Tullow finds more oil in Turkana


THURSDAY, FEBRUARY 14, 2013 - 00:00 -- BY SOLOMON KIRIMI
TULLOW Oil yesterday released a set of well test results on Wednesday that it said could lead to Kenya's first commercial production.
Tullow said the Twiga South-1 exploration well in Turkana is likely to be profitable after tests showed the "first potentially commercial flow rates achieved in Kenya."
Four flow tests were carried out on Twiga South-1 in January and early February and a fifth test is ongoing, predicting a total combined flow rate of over 2,850 barrels of oil per day, said Tullow.
"There will be more focus on Kenya as a potential oil producing country," Energy ministry PS Patrick Nyoike told Reuters.
Five of Tullow's oil blocks are within a similar basin in the Rift Valley to the Lake Albert Rift Basin in Uganda where over billion barrels of oil deposits have been discovered and the southeast extension of the geologically older Sudan Rift Basins trend where oil is already being extracted.
Kenya will get the result of the Paipai-1 well later this month, according to Tullow Oil's 2012 financial results released yesterday.
Paipai-1 has been drilled to a total depth of 4,255 metres, deeper than the planned 4,112 metres and has encountered light hydrocarbon.
“We have been unable to obtain samples conventionally due to difficult hole conditions,” said Tullow Oil chief executive Aidan Heavey.
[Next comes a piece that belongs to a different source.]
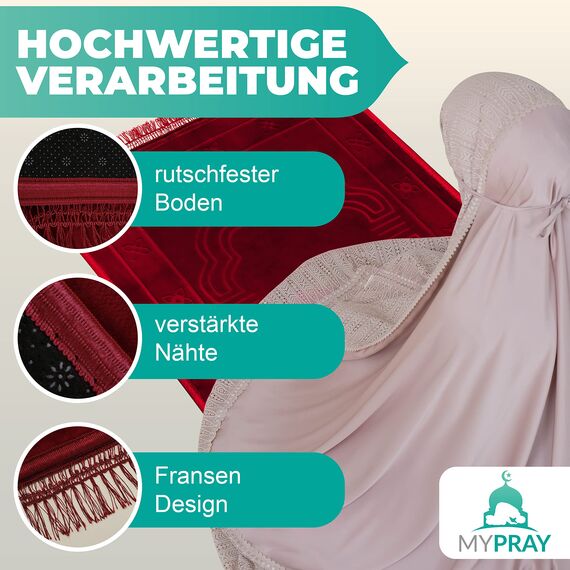 MYPRAY - Gebetsteppich - dick - 3er Set Seccade - mit Tesbih und Tasche (rubinrot)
The report said the drill at Paipai will be moved to Block 10BB to start drilling the Etuko-1 well in the Lokichar basin where Ngamia-1A well which recorded 100 meters of net oil pay is located. The drilling is programmed to start in the second quarter of 2013.
Etuko-1 Papai will be the fourth well drilled by Tullow since its drilling programme was rolled out with Ngamia-1 well in January last year.
In November 2012, the Tullow announced that the Twiga-1 well had encountered 30 metres of net oil pay and an additional tight reservoir rock section with hydrocarbon shows over a total gross interval of 796 metres.
Two deeper tests conducted at the well reconfirmed the presence of moveable oil. “These tests provide the first potentially commercial flow rates achieved in Kenya and provide real encouragement for the Ngamia test,” said Heavey.
With the conclusion of the Twiga South-1 testing programme, the rig will move to Ngamia-1A to re-enter the well and perform four flow tests.
Given the positive results so far, Tullow oil announced that it plans to deploy more equipment to accelerate works in Lokichar basin by drilling 11 exploration and appraisal wells as well as as carry out up to five well tests to understand the potential scale of the South Lokichar discoveries.
“The discoveries at Ngamia and Twiga South demonstrate that substantial oil generation has occurred in the South Lokichar Basin, one of more than 10 Tertiary Rift Basins in the Kenya-Ethiopia acreage, each of which is similar in size to the Lake Albert Rift Basin in Uganda,” the full year 2012 report said.
Tullow said these tests are expected to deliver rates similar to Twiga South-1. Tullow also owns 15 per cent of the Mbawa-1 well that encountered 52 metres of net gas pay in the the first hydrocarbon discovery in Kenya in the Lamu basin.
The well was plugged and abandoned because it not commercially viable but it confirmed hydrocarbon in offshore Kenya.
The basin bears the same geological formation as Mozambique's coast where large volumes of gas have been discovered.